If you’ve never read this series, it would probably be good to know that IT is an oversized, disembodied brain that rules over the inhabitants of the dystopian planet Camazotz (where the protagonist Meg’s father is being held captive). Camazotz is a place where conformity is law–all the houses are uniform, all the people act the same strange robotic manner–and any deviation from the norm results in consequences. To be honest, I struggled with whether a sentient, bodiless, pulsing brain can truly be considered a literary villain. After all, IT’s just kind of there in the book; IT doesn’t move, IT doesn’t speak (except through telepathy), there’s no dramatic action surrounding IT. And yet, IT is terrifying for ITs ability to hypnotize and manipulate people into believing that IT has their best interests at heart, when all IT really wants is order, obedience, and control. (We also learn that IT is connected to two other creepy and evil forces in the book, The Black Thing and The Man with the Red Eyes–but since I only have a paragraph, I’ll let you read the book to find out about them.) The part that freaked me out the most as a kid was when IT spoke through people, basically taking over their bodies and minds for nefarious purposes. That was scarier to me than any other kind of villain I had read at the time and (if I’m being honest) still creeps me out as an adult if I think about it too hard. Pass the tinfoil hat!

-Rita Meade

Count Fosco from Wilkie Collins’s The Woman in White

Count Fosco is terrifying because he is also charismatic. This is the scariest kind of villain–the one you are secretly drawn to. The novel’s female lead Marian Halcombe knows he is dangerous, but she feels his charisma anyway. Count Fosco is the type who will look you in the eyes and tell you in all truthfulness how much he admires you, and then kill you without mercy.
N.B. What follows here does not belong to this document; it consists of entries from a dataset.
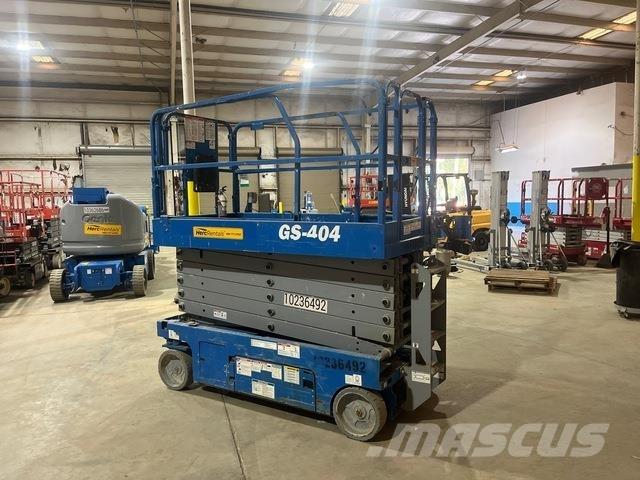 Genie GS-4047 Scissor lifts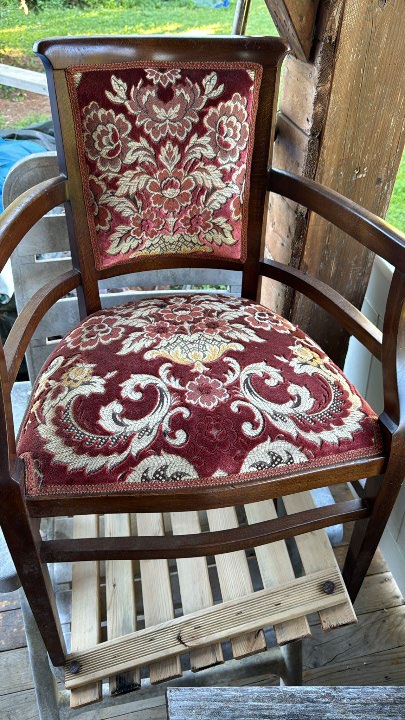 poltrona-vintage-in-legno-solo-80-€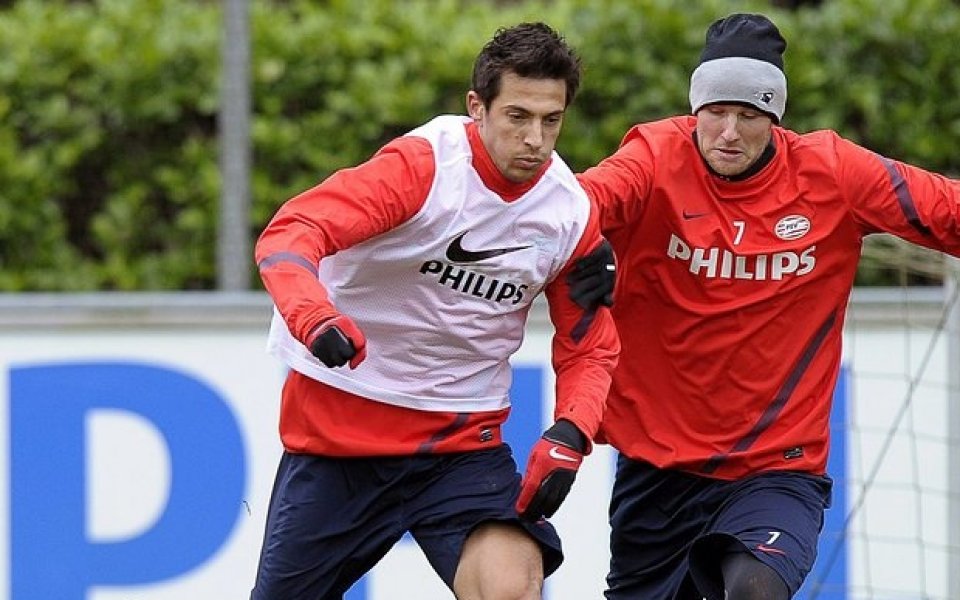 Дебютът на Манолев за Фулъм се отлага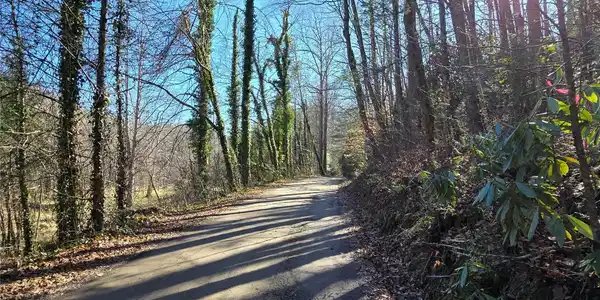 25 Rush Creek Road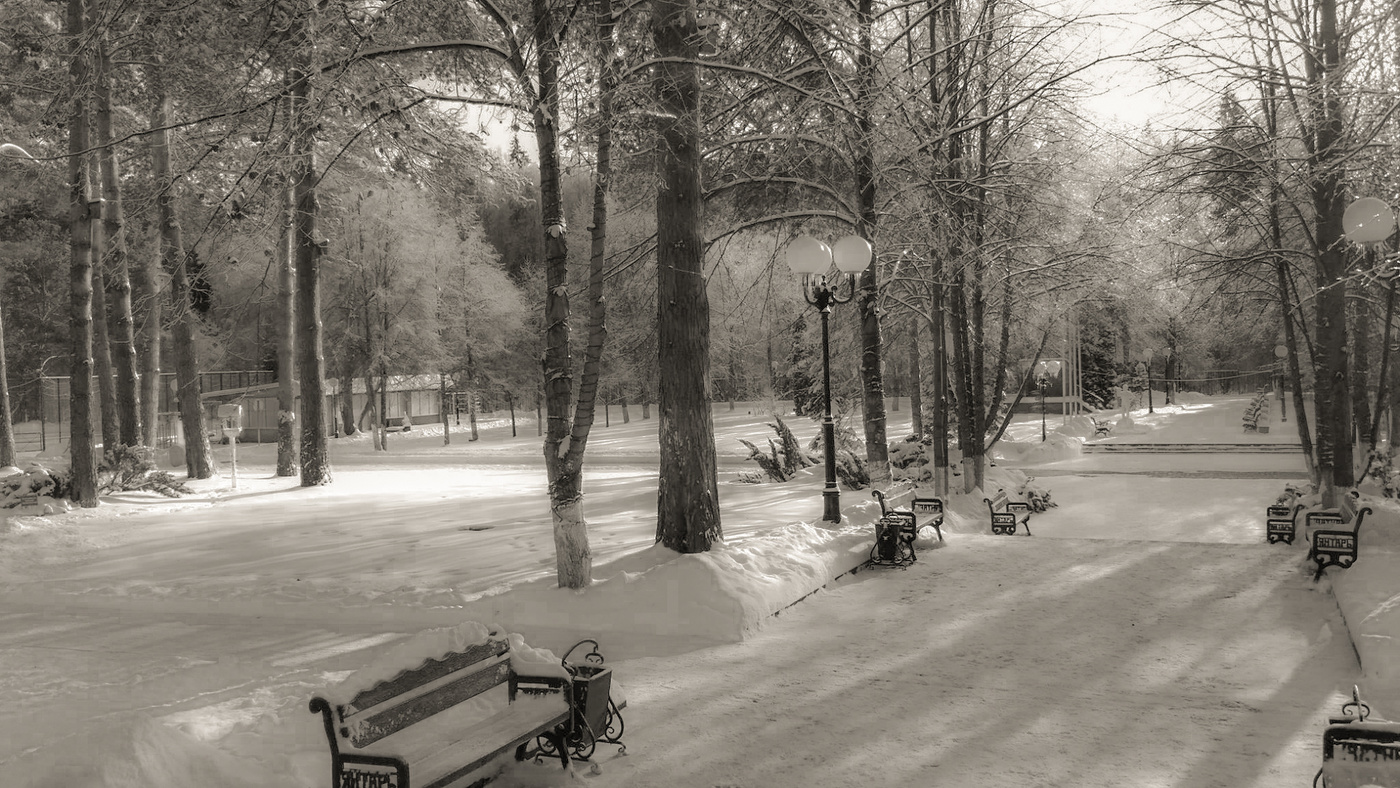 Sonnenaufgang über dem Fluss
He is a great admirer of Marian, and since Marian is a fabulous character, you as the reader end up agreeing with Fosco–a position you never want to find yourself in.

-Rebecca Hussey

Fairies from Sources Too Many to Cite

I don’t have a lot of favorite villains in books. There can be fun bad guys, but often it’s the main character or someone near them who is the biggest problem. Not a lot of antagonists. Right now, though, I’m reading The Replacement by Brenna Yovanoff, and in it we delve into a version of the two Fairy courts, and their relationship with the outside world. It made me realize that I love the Fairies most of all, across so many books. Whether it’s Emma Bull’s War for the Oaks, Neil Gaiman’s Sandman, or Susanna Clarke’s Jonathan Strange & Mr. Norrell, I love when the fairies turn up. They aren’t always evil per se, just…alien, and apathetic in a way that can become malicious. Or petulant in a way that can become malicious. Also, they can almost never be defeated. In books, one can come to terms with them, but that’s about it. So I’ve decided the Fairy courts and all their members are my favorite villains-not-villains.

-Peter Damien

Who–or what–are your favorite literary villains?